The task:
Would you retype the whole listing exactly, leaving its pictures out?

Data:
++++++
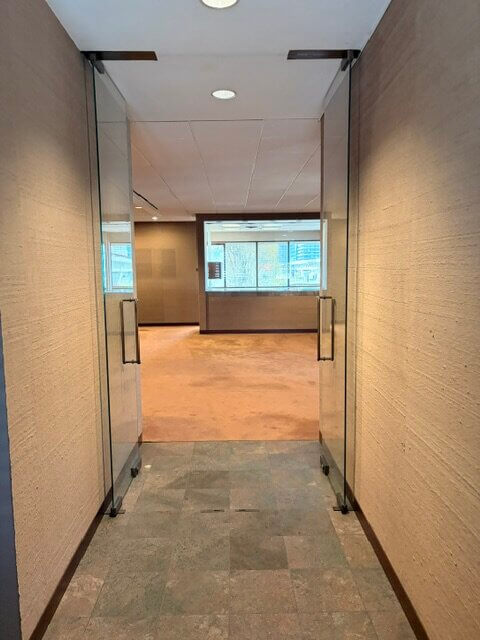 Glass entrance to office Unit 220 at 4800 No 3 Road, Richmond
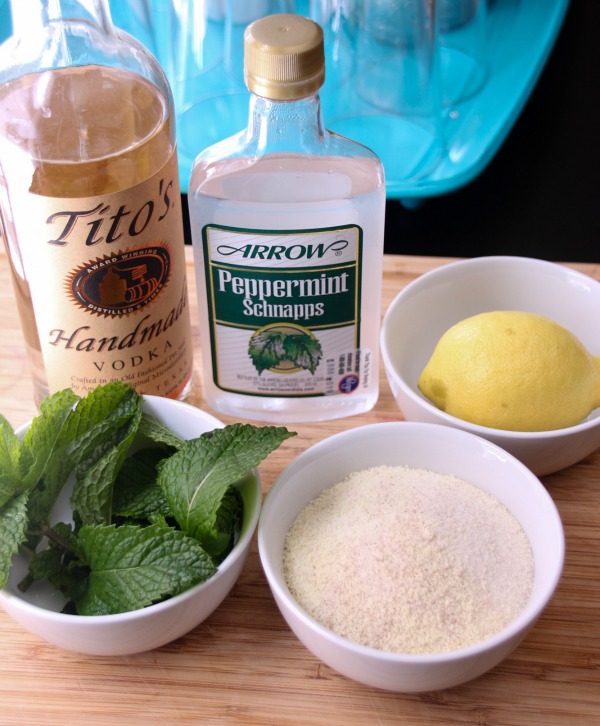 Tito's, peppermint schnapps, mint leaves, lemon, and sugar in a bowl. 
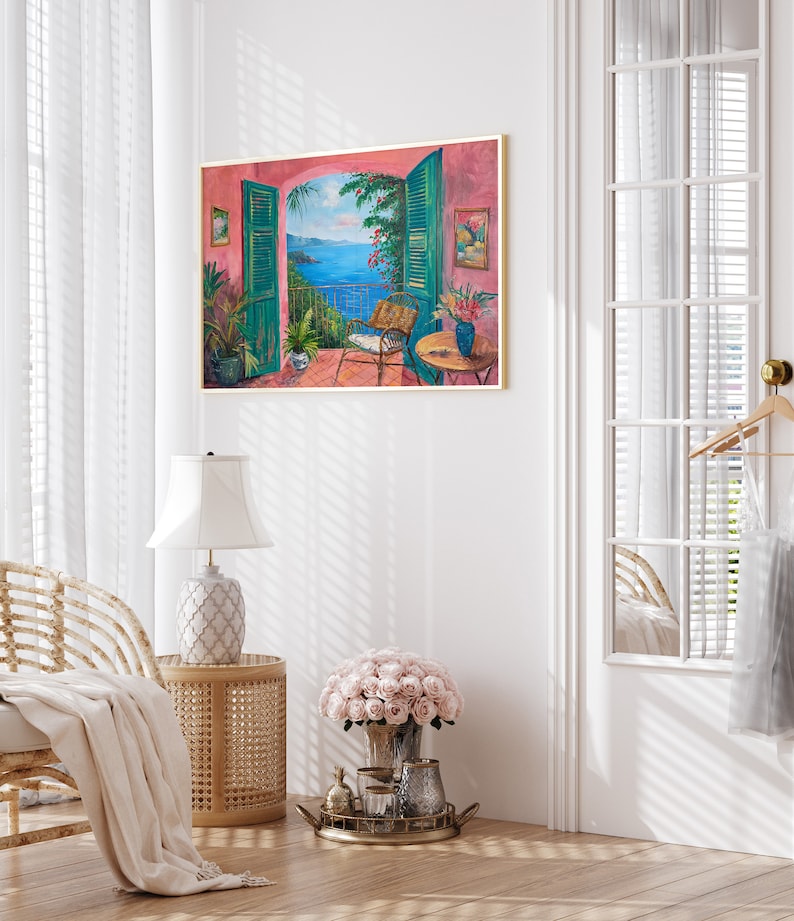 May include: A painting of a pink building with an open window overlooking a blue ocean. The window has green shutters and a wicker chair is sitting on the balcony. The painting is framed in gold.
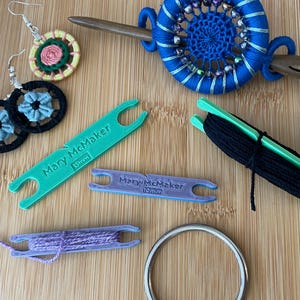 Button Bobbin (Miniature Shuttle for thread buttons)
++++++
Exercise output:
 Glass entrance to office Unit 220 at 4800 No 3 Road, Richmond
 Tito's, peppermint schnapps, mint leaves, lemon, and sugar in a bowl. 
 May include: A painting of a pink building with an open window overlooking a blue ocean. The window has green shutters and a wicker chair is sitting on the balcony. The painting is framed in gold.
 Button Bobbin (Miniature Shuttle for thread buttons)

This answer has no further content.